Variability in Growth, Mortality, Recruitment, and Larval Dispersal Paths in California Populations of the Sand crab, Emerita analoga


A complete understanding of marine population dynamics requires information on spatial and temporal variability of growth, mortality, and recruitment rates as well as knowledge of larval dispersal paths. I sampled seventeen populations of the sand crab, Emerita analoga (Stimpson), ranging over 800 km of California for two years. Size distributions and recruit density were collected bimonthly to estimate vital rates and to investigate temporal effects of oceanographic conditions on larval dispersal paths. Genetic spatial subdivision was determined with female juveniles from seven sites.

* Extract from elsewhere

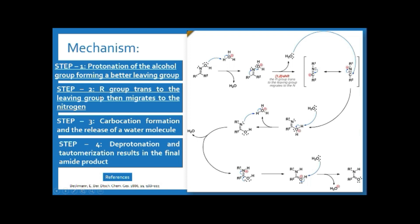The next step is that the R group trans to the leaving group migrates to the nitrogen. The alkyl group transfers from this carbon to nitrogen at the same time the water molecule is removed. This is called a 1,2-shift because carbon is atom number one and nitrogen is the second atom, so the alkyl group migrates from carbon number one to atom two — nitrogen. Hence it is called a 1,2-shift.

I developed a model to describe how growth and mortality rates of discretely growing organisms, such as crabs, affect the shape of size distributions. Growth and mortality were estimated from seven Emerita populations. Growth rates revealed more variation than had been previously been estimated, ranging from 0.001 to 0.12 mm/day for crabs between 4 and 31.6 mm. Although both spatial and temporal variability was present, a few sites exhibited consistent mortality and growth for all cohorts in both years.

In marine species, adult populations are spatially separated on the benthos, but interconnected by pelagic larvae. Although larval dispersal paths are virtually unknown, they affect recruitment and population dynamics. Previous studies of the influence of flow on larval dispersal in California suggest that larvae being exported offshore and southward during upwelling are retained in eddies associated with headlands and redistributed to sites north of the retention zones during relaxation. In 1998, recruitment magnitude declined with distance north of four major headlands in California: Point Conception, Monterey Peninsula, Point Reyes, and Point Arena. This pattern was not present in 1999. The annual differences in spatial patterns of recruitment corresponded with interannual variability in oceanographic conditions. Both the Bakun upwelling index and windstress levels were constant across latitude in 1998 and 1999, but values were higher in 1999. This suggests that the upwelling-relaxation mechanism operated effectively in 1998 when oceanographic conditions were at "normal" levels but did not operate in 1999 when conditions were anomalously high. Preliminary genetic data using microsatellite DNA markers suggest that gene flow, and therefore dispersal, is restricted across headlands, consistent with the retention mechanism.